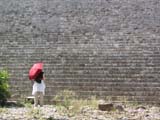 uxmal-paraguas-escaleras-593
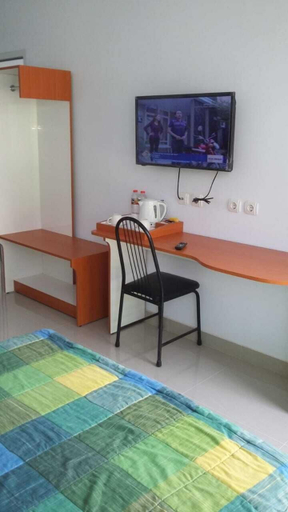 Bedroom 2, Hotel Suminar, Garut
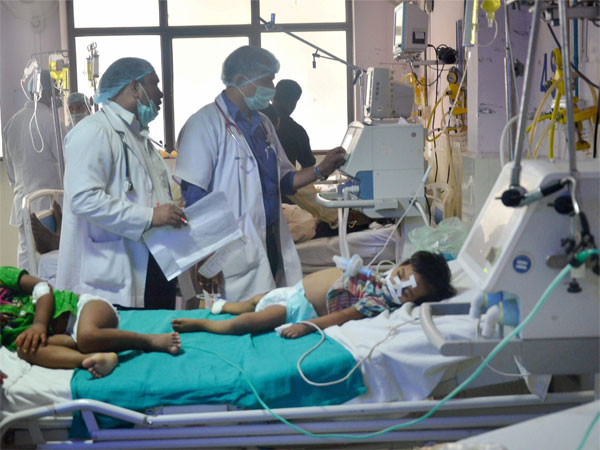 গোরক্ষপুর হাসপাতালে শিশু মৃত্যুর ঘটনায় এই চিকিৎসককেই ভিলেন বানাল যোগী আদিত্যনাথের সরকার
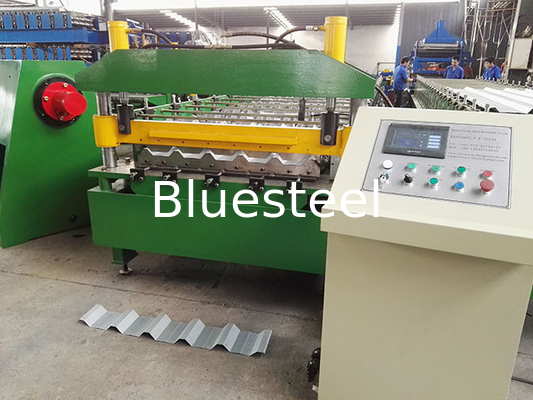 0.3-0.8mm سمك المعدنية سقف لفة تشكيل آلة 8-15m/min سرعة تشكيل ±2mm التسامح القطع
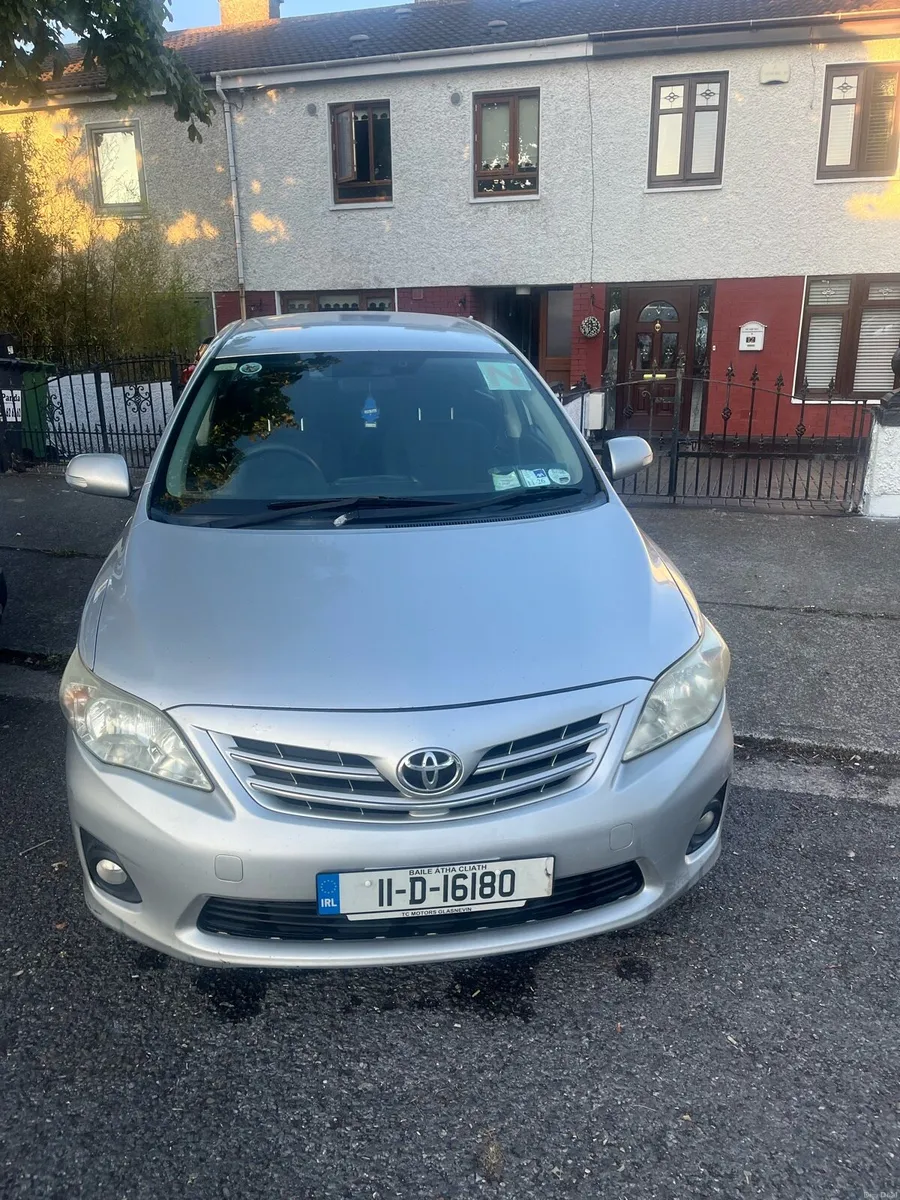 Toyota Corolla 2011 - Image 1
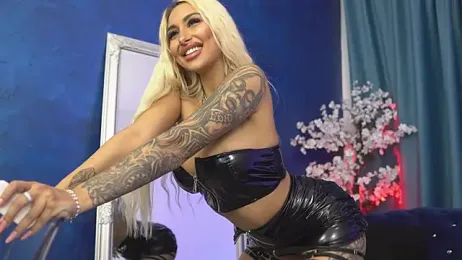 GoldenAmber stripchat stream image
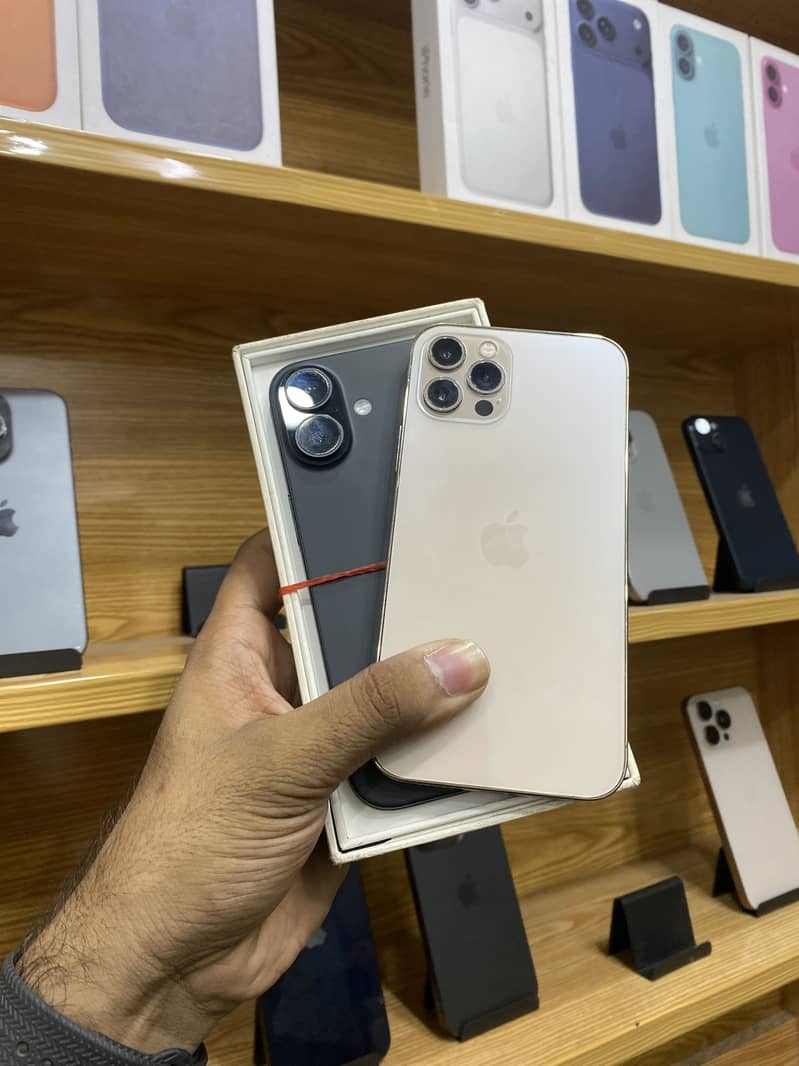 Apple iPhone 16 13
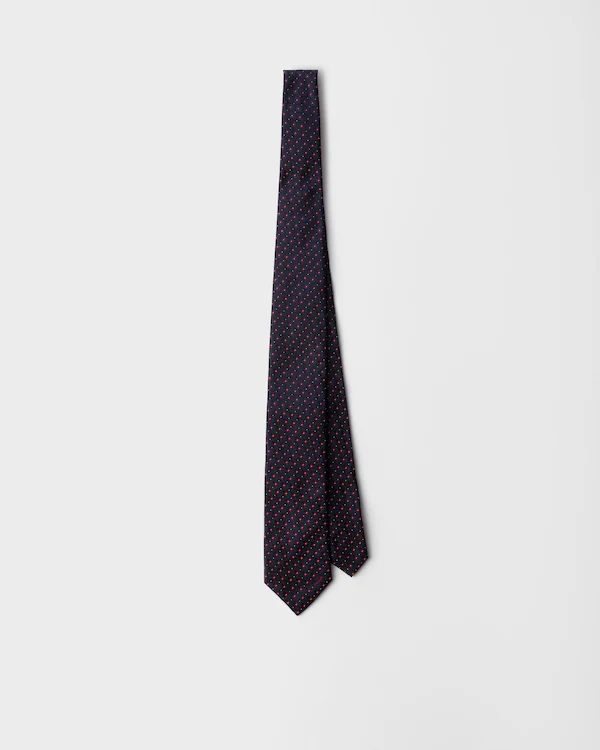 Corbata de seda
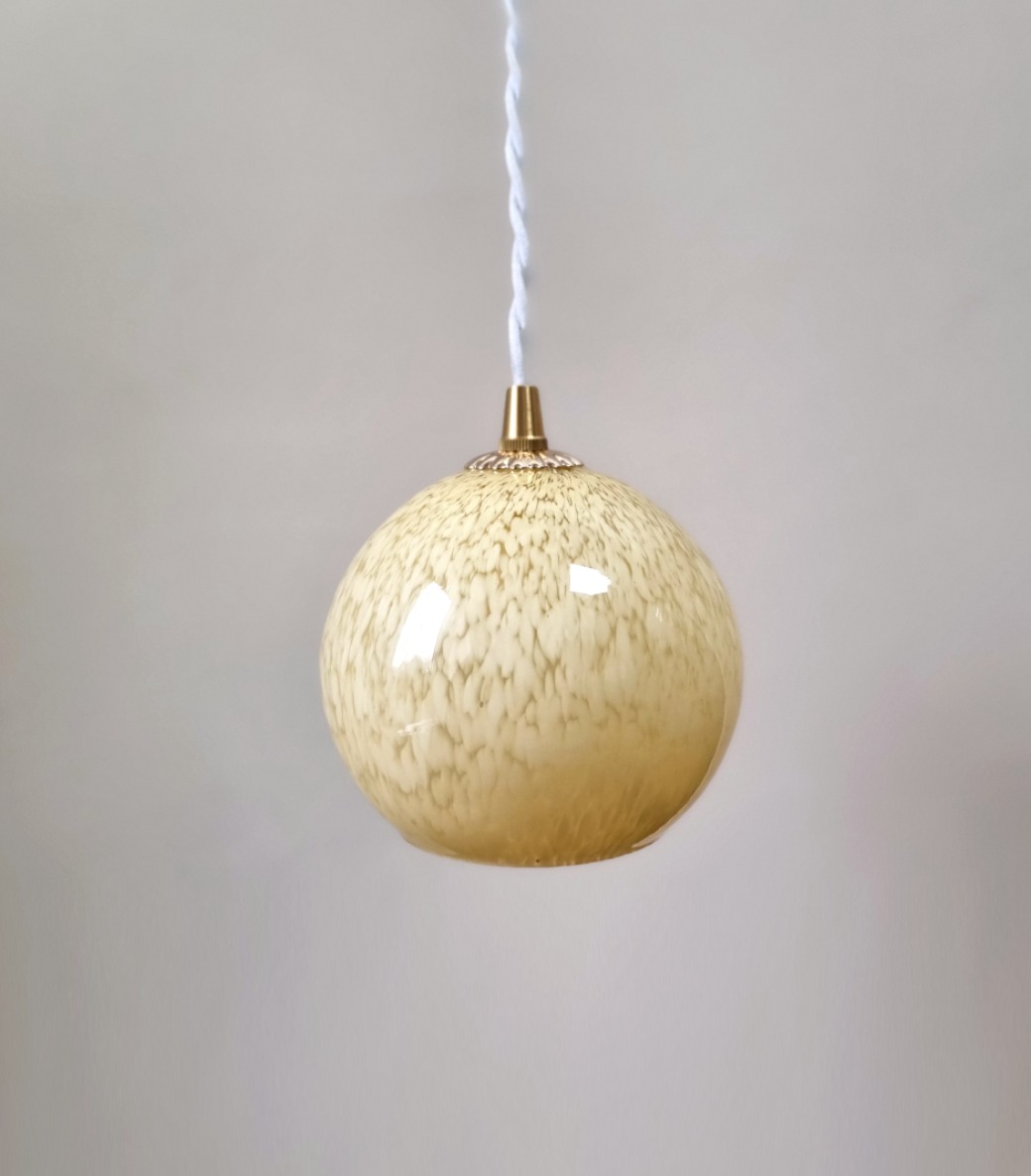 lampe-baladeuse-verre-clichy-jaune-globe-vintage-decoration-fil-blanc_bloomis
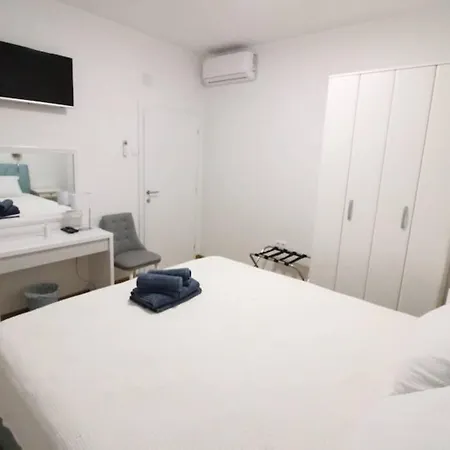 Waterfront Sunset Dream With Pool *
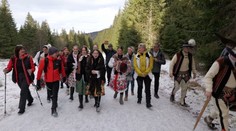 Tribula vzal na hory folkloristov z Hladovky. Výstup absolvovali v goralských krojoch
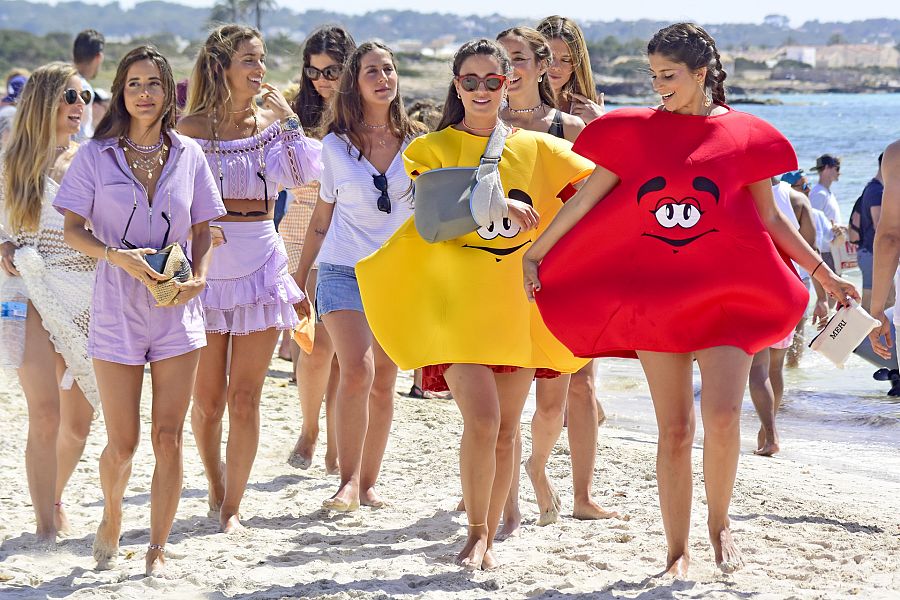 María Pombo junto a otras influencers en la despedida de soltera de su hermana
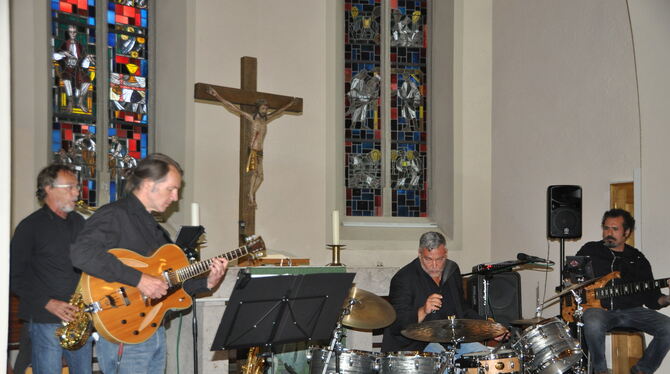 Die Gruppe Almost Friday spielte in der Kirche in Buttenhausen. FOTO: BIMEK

━━━━━━━━━━

> [WORK TO COMPLETE]:
Restate it all word for word: every record, no pictures.

> [TASK RESPONSE]:
 uxmal-paraguas-escaleras-593
 Bedroom 2, Hotel Suminar, Garut
 গোরক্ষপুর হাসপাতালে শিশু মৃত্যুর ঘটনায় এই চিকিৎসককেই ভিলেন বানাল যোগী আদিত্যনাথের সরকার
 0.3-0.8mm سمك المعدنية سقف لفة تشكيل آلة 8-15m/min سرعة تشكيل ±2mm التسامح القطع
 Toyota Corolla 2011 - Image 1
 GoldenAmber stripchat stream image
 Apple iPhone 16 13
 Corbata de seda
 lampe-baladeuse-verre-clichy-jaune-globe-vintage-decoration-fil-blanc_bloomis
 Waterfront Sunset Dream With Pool *
 Tribula vzal na hory folkloristov z Hladovky. Výstup absolvovali v goralských krojoch
 María Pombo junto a otras influencers en la despedida de soltera de su hermana
 Die Gruppe Almost Friday spielte in der Kirche in Buttenhausen. FOTO: BIMEK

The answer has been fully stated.